Les flux à destination de l’Egypte, par exemple, sont en 2016 en hausse de 17% à plus de 8 milliards de dollars. Ils ont surtout été stimulés par la découverte de réserves de gaz par des entreprises étrangères. L’investissement direct étranger au Maroc s’est affiché à la baisse durant l’année dernière, mais les flux d’IDE à destination de notre voisin de l’Ouest sont quand même restés supérieurs à 2,3 mds de dollars l’année dernière, après avoir atteint 3,2 mds de dollars en 2015. Les IDE en Tunisie sont à peu près stables en 2016, autour d’un (1) milliard de dollars comme en 2015, dans un pays dont le PIB représente à peine le tiers de celui de l’Algérie et malgré la crise politique et économique que traverse notre voisin de l’Est.
La faute au 51/49
Comment expliquer ce manque d’attractivité de l’économie algérienne pour les investisseurs internationaux ? En fait, il n’y a pas beaucoup de mystères. Tout le monde le sait et le répète depuis des années, sauf les autorités algériennes qui continuent de vanter avec obstination les mérites du 51/49. Un climat des affaires «médiocre» et les contraintes imposées aux investisseurs depuis 2009 ont fait chuter les flux d’IDE au cours des dernières années. Pour la quasi-totalité des observateurs internationaux, il n’y a «pas de décollage en vue» et des réformes sont urgentes. La nouvelle loi sur l’investissement offrant des «incitations fiscales» a peu de chances de faire bouger les lignes.
L’Algérie revient de loin
Notre pays revient cependant de loin et l’époque ou les investissements étrangers étaient regardés avec suspicion, voire carrément interdits dans la plupart des secteurs de l’économie, appartient désormais au passé. En dépit de leur montant relativement modeste, les IDE réalisés en Algérie commencent à occuper une place non négligeable dans l’économie algérienne. Leur «visibilité» est de plus en plus importante tandis que les pouvoirs publics, les médias et l’opinion nationale commencent à s’habituer à la présence de ces nouveaux acteurs. Un bilan récent permets de mesurer le chemin parcouru depuis le début des années 2000. Il indique que le stock d’IDE entrants, qui représente le total des investissements directs étrangers captés par l’Algérie depuis 16 ans, s’est établi à 27 milliards de dollars à fin 2016, contre 19,5 mds de dollars à fin 2010, et seulement 3,3 mds de dollars à fin 2000.

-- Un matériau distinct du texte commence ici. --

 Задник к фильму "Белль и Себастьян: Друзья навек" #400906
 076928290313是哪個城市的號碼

Un début de diversification en cours
De façon traditionnelle, le secteur de l’énergie arrive dans notre pays largement en tête des bilans des IDE depuis longtemps, mais on observe un début de diversification économique pour les investissements étrangers aussi. Une étude toute fraîche, et bienvenue, de la Chambre de commerce et d’Industrie algéro-française (CCIAF) précise que 300 entreprises étrangères produisent 1,6% du PIB algérien hors hydrocarbures. Elles représentent 5,2 milliards d’euros de capitaux propres et 3,7 milliards d’euros d’investissements corporels. Il s’agit bien sûr encore d’un montant, et d’une proportion, très modeste en comparaison des pays voisins.

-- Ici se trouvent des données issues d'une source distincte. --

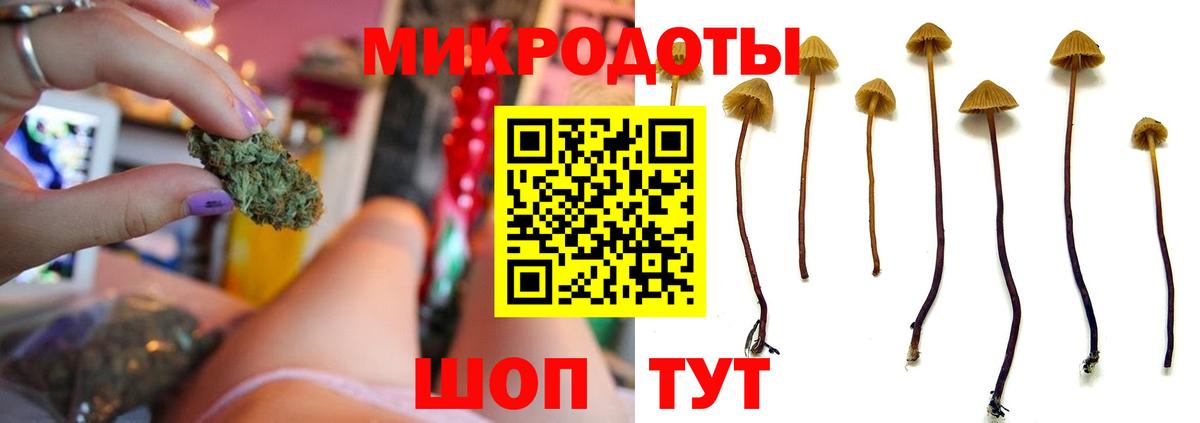 Псилоцибиновые грибы MAGIC MUSHROOMS Дятьково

Selon cette étude rendue publique voici quelques jours, les secteurs les plus recherchés par les IDE hors hydrocarbures sont l’industrie des produits chimiques (20%) et la finance (18%), suivies par les boissons (13%) et les matériaux de construction (12%)». La France est de loin le principal partenaire de l’Algérie en matière d’IDE non pétroliers. Elle est suivie par l’Espagne et l’Italie.

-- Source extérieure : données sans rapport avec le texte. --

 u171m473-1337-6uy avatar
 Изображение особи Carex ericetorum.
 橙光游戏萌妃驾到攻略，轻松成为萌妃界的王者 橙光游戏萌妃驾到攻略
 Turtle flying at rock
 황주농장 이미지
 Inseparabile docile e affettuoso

Le paysage des IDE est donc bien en train de changer en Algérie. Mais la démarche des autorités algériennes est en grande partie responsable de la célèbre «frilosité» des investisseurs. Elle laisse entier le problème de la création d’une dynamique plus large qui associerait le secteur privé national et s’attaquerait résolument au frein que constitue encore, pour beaucoup d’investisseurs étrangers, et en dépit des dénégations des pouvoirs publics, le cadre réglementaire actuel.